# Quantile Regression

Similar to Linear Regression, Quantile Regression estimates the conditional median instead of the conditional mean.

# Decision Tree

Decision Tree is a classification algorithm.

**Information Gain**

Given the following training set {S}:

X1 |
X2 |
Y |

a |
c |
e |

a |
d |
e |

b |
d |
f |

b |
d |
f |

We need to define the first level of the decision tree by choosing one of the two features x1 or x2. We need to calculate the Information Gain (I) for each case, and select the feature with higher Information Gain.

\(I(x) = Entropy(parent) – Expected Entropy(children) \) \(I(X1) = 1 – 0\) \(I(X2) = 1 – 0.688\)When training the model, always use data with equal number of rows for each output, so the entropy of the root node equals to 1. (Entropy measure the uncertainty of the data).

Each node of the tree defines a probability estimation for each output.

More details: https://www.youtube.com/watch?v=-dCtJjlEEgM

**Standard Deviation Reduction**

Another approach to select features that define the levels of a decision tree is by calculating the Standard Deviation Reduction.

# Boosted Decision Tree

A boosted decision tree is an ensemble learning method in which the second tree corrects for the errors of the first tree, the third tree corrects for the errors of the first and second trees, and so forth.
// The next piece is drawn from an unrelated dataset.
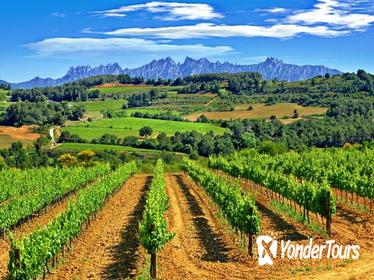 Montserrat and Penedès Small Group Tour with Hotel Pick Up from Barcelona
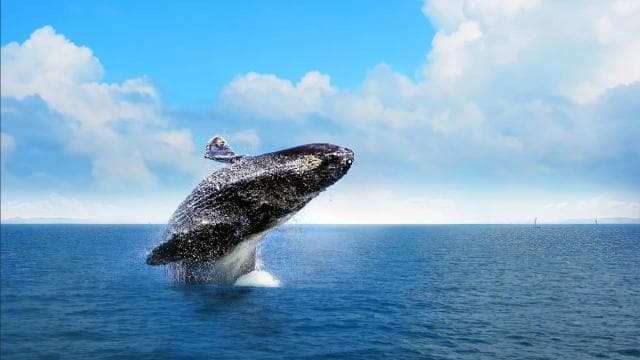 Miches : Private Whale Watching Samana bay — Guided tour and outdoor activity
The data points which were misclassified receives a bigger weight in the data, the ones correctly classified received a diminished weight. The idea is that with each iteration, the data points misclassified have increasing importance, allowing the learner to fit better and improve accuracy.

Predictions are based on the entire ensemble of trees together that makes the prediction.

# Random Forest

When we have thousand of features (d), calculating the Information Gains for each split point and for each feature requires a lot of time and resources.
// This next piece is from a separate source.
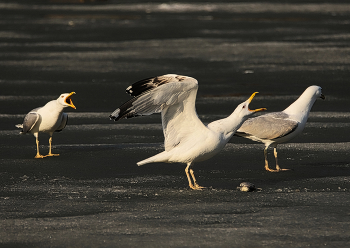 А я рыбку поймал! / чайки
The idea in the Random Forest algorithm is to:

1-select a subset of size N from the training data

2-Pick up randomly k features, project the data on the k features, and select the split point with higher information gain.

Repeat step 2 until the creation of the tree (we can stop the operation at a certain depth of tree).

Repeat step 1 and 2 to generate more trees.

For a new example, we push it through all trees until it reaches the corresponding leaves. then we calculate the probability as the average of probabilities generated by all trees:

\(P(y=k|x) = \frac{1}{nbr\ trees} \sum_{t=1}^{nbr\ trees} P_t(y=k|x)\)